A prominent Baltimore funeral home has filed a $41 million defamation lawsuit against WJZ, claiming that an investigative report wrongly accused the firm of mishandling a veteran's burial, and was largely based on the widow's dreams.
The suit also claims that WJZ reporter Suzanne Collins refused to grant officials at March Funeral Homes West Inc. enough time to refute the contentions of Enid Costley before the Oct. 11, 1999 broadcast, despite repeated pleas.
The suit, filed last Friday by Baltimore lawyer Walter Nathan Malloy Jr., charges that WJZ "published an irresponsible piece of sensational journalism that was wretched with false statements." March Funeral Homes is seeking $16 million from CBS, WJZ's corporate parent, plus $25 million in punitive damages.
The station's general manager, Jay Newman, declined comment. Collins, a veteran reporter at Channel 13 whose work has won several awards, also refused to be interviewed. "At this time, WJZ has not been officially served with a legal notice," said WJZ spokeswoman Liz Chuday.
According to court records, WJZ anchor Vic Carter promoted the story this way: "A local woman takes extra care for her husband's funeral arrangement but says everything went wrong. Eyewitness News investigates -- and what we found may shock you."
Five family members of William Costley told Collins they saw his coffin slightly ajar when an honor flag was removed from its top at the Maryland State Veterans Cemetery at Garrison Forest, according to the court records. When the coffin was handled by cemetery employees, family members heard a horrible noise, Collins said, "as if the coffin had dropped into the vault bouncing and crashing."

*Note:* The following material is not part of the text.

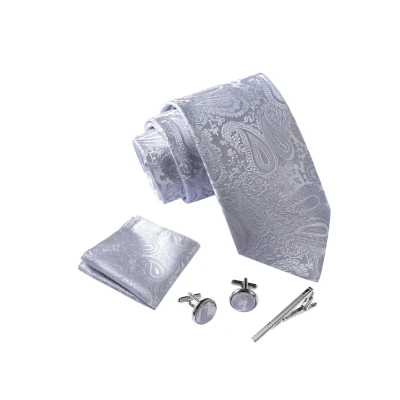 Abbildung von Massi Morino Krawatte Paisley Grau mit Einstecktuch Set Herren inkl. Manschettenknöpfe, Krawattennadel und Geschenkbox Männer Krawattenset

The family was too far away to see into the burial site, but the suit states that Enid Costley told Collins that her husband came to her in a vision and said his body had fallen: "I dreamt him that night, that he came to me and showed me how he felled over." On the broadcast, Enid Costley said she wanted to dig up her husband's grave. In her piece, Collins said that March Funeral Homes promised to investigate whether the coffin was defective, or its handling inappropriate.

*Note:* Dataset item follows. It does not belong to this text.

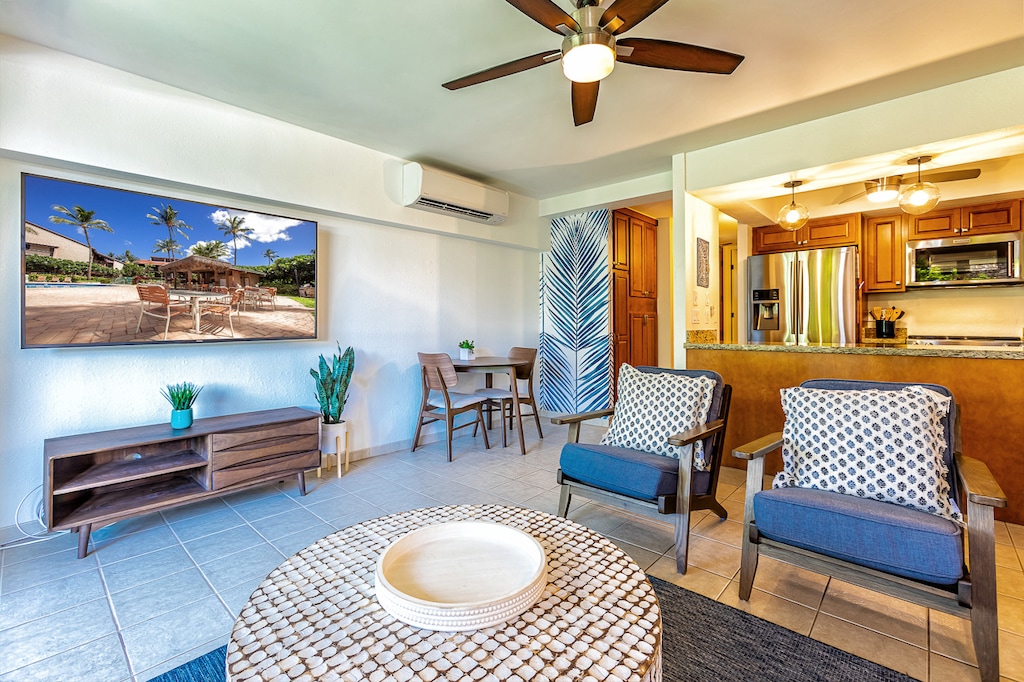 Open concept for the living~ dining and kitchen areas.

In an interview yesterday with The Sun, Kenneth McKisset, superintendent of the veterans cemetery, said state safety regulations prevent family members from observing burials close to the site. "My men lowered the casket into the liner, put the lid on, and the whole thing is lowered down into the actual grave, and they closed it up," McKisset said.

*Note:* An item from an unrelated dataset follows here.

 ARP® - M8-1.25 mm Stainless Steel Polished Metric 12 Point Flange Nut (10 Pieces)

Two days after the initial broadcast, McKisset and the March Funeral Home arranged to uncover William Costley's casket in the presence of Costley and a reporter. According to the lawsuit, WJZ reporter Alex Demetrick recounted on air, "The family was brought up to look inside -- what they saw were roses on top of a closed casket -- and a lid that was locked tight enough to withstand testing by a worker."